** What to work on **
From the entries that follow, copy each line containing the word "Enclosure".

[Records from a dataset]

***

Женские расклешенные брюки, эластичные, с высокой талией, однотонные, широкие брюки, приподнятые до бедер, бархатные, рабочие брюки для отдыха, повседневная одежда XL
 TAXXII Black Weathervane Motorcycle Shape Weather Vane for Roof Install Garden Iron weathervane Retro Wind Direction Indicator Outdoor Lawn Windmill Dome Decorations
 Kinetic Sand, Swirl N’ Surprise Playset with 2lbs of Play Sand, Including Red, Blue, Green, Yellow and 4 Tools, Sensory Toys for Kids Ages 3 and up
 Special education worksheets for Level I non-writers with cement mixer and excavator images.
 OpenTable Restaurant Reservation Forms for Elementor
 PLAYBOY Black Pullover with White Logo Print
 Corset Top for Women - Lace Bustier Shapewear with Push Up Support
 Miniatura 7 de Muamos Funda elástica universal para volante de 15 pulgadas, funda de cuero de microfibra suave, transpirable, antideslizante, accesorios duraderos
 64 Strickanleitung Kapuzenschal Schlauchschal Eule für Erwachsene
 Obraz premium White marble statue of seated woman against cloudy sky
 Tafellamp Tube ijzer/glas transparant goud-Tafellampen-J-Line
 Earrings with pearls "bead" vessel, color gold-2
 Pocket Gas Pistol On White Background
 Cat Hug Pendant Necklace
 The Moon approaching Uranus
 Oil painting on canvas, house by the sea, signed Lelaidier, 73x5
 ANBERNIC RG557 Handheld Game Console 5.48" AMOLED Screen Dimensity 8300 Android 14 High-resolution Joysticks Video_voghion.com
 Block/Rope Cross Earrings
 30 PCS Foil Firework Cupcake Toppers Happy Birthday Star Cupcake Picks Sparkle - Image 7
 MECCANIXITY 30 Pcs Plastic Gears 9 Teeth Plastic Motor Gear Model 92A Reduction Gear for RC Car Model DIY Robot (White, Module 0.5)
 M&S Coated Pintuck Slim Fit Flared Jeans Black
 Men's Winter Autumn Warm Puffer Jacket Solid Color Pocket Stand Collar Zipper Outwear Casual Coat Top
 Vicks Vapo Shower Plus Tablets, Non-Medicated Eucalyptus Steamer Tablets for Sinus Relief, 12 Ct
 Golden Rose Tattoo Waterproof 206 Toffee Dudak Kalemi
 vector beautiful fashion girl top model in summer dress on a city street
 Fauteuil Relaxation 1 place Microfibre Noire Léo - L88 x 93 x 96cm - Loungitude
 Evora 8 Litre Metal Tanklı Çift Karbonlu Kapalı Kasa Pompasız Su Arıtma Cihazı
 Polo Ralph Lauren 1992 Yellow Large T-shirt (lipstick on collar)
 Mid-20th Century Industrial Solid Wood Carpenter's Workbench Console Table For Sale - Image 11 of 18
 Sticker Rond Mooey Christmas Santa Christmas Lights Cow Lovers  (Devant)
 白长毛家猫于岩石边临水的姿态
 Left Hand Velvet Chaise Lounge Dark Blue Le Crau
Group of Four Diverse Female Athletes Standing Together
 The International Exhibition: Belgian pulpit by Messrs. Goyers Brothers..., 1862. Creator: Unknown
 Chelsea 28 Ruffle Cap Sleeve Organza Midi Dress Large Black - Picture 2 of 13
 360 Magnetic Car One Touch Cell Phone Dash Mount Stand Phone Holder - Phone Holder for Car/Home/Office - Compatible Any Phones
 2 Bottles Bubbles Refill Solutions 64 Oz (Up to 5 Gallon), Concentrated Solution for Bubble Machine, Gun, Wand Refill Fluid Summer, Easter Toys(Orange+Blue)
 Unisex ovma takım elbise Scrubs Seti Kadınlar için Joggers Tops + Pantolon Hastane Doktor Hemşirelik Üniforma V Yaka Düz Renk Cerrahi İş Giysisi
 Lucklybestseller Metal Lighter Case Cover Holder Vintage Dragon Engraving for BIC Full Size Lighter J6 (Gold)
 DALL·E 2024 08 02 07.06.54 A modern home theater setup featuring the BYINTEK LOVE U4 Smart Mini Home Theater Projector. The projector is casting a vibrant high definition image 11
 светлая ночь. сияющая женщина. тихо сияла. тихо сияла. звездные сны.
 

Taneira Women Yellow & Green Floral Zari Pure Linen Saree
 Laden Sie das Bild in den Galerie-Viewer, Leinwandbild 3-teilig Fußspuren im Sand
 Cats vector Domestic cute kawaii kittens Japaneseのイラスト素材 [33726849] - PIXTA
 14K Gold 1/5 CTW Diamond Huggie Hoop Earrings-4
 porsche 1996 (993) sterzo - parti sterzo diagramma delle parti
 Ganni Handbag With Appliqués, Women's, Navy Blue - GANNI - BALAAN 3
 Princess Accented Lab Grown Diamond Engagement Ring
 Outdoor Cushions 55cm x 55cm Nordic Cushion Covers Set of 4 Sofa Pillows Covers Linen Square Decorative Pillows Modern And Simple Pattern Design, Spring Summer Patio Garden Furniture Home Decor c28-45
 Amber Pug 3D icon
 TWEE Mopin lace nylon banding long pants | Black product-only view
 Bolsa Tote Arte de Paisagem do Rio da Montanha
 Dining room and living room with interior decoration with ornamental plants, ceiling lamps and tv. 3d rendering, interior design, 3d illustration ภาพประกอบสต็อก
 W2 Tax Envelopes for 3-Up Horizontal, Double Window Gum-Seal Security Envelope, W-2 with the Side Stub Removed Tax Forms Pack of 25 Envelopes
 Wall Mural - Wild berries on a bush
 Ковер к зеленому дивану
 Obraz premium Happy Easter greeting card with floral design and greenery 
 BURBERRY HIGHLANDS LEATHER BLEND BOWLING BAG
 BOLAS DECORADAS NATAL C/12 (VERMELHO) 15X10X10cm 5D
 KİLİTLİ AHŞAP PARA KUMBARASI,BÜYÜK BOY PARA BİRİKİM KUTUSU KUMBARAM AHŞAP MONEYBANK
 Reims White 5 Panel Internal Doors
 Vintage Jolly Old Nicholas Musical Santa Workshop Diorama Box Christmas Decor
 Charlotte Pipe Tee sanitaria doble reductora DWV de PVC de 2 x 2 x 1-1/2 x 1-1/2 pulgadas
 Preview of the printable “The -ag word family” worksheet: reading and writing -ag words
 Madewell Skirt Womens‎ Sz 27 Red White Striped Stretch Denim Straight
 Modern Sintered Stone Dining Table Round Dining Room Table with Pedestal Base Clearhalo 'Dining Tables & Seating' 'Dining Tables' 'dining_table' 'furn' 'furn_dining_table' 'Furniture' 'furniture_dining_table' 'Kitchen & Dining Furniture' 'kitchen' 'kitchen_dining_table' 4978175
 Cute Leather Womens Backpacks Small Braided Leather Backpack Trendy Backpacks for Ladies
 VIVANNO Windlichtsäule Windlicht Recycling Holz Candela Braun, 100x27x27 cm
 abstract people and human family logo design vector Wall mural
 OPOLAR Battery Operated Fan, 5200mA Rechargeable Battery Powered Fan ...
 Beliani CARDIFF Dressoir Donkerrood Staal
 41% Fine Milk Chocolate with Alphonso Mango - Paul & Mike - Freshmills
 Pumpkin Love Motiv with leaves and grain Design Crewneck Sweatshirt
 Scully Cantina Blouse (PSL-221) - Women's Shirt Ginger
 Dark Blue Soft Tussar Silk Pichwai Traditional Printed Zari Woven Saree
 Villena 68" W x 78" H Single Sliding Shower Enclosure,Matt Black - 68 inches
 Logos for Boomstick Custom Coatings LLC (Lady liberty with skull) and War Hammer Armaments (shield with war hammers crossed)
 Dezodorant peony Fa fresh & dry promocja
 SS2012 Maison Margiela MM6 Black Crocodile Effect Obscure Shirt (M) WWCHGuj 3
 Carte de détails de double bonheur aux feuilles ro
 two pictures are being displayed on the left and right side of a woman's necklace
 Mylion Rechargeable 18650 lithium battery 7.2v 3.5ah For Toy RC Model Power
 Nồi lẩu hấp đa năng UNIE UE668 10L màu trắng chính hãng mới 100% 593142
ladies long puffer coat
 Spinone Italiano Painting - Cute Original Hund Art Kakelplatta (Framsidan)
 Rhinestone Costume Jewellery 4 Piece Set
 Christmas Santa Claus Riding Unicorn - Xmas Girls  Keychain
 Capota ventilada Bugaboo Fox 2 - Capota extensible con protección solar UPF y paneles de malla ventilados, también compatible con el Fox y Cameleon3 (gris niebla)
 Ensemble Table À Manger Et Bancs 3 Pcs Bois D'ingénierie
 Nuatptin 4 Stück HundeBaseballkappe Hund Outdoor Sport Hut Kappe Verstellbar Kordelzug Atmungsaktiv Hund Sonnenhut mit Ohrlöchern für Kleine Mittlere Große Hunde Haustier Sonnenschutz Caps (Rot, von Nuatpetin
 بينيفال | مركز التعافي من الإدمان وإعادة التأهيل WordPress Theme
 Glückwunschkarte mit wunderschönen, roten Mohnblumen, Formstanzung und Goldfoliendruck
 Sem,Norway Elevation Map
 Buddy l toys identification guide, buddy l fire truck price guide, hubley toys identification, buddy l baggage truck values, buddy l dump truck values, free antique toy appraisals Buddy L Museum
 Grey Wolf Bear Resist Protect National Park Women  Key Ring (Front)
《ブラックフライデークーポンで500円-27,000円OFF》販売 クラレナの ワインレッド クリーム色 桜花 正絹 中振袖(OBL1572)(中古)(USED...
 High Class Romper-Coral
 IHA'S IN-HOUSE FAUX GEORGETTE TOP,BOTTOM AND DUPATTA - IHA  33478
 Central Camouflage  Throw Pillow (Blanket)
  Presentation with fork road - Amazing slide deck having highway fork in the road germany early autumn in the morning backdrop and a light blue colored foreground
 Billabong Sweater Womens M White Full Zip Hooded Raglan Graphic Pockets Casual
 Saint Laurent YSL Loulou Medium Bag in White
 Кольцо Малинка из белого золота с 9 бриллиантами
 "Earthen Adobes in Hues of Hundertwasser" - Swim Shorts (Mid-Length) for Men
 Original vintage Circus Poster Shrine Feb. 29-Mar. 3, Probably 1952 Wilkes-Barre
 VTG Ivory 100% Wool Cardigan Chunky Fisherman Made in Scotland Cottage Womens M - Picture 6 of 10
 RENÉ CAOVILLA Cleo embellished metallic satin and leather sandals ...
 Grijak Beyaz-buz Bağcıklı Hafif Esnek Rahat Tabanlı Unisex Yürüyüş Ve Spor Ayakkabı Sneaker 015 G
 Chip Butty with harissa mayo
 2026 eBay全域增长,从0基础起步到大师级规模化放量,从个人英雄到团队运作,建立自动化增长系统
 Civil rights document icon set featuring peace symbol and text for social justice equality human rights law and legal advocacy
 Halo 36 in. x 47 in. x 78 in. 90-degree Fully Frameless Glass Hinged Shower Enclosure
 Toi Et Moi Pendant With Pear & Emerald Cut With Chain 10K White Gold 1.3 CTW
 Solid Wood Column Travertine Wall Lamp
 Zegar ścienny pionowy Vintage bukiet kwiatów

***

** Output for this task **
 Villena 68" W x 78" H Single Sliding Shower Enclosure,Matt Black - 68 inches
 Halo 36 in. x 47 in. x 78 in. 90-degree Fully Frameless Glass Hinged Shower Enclosure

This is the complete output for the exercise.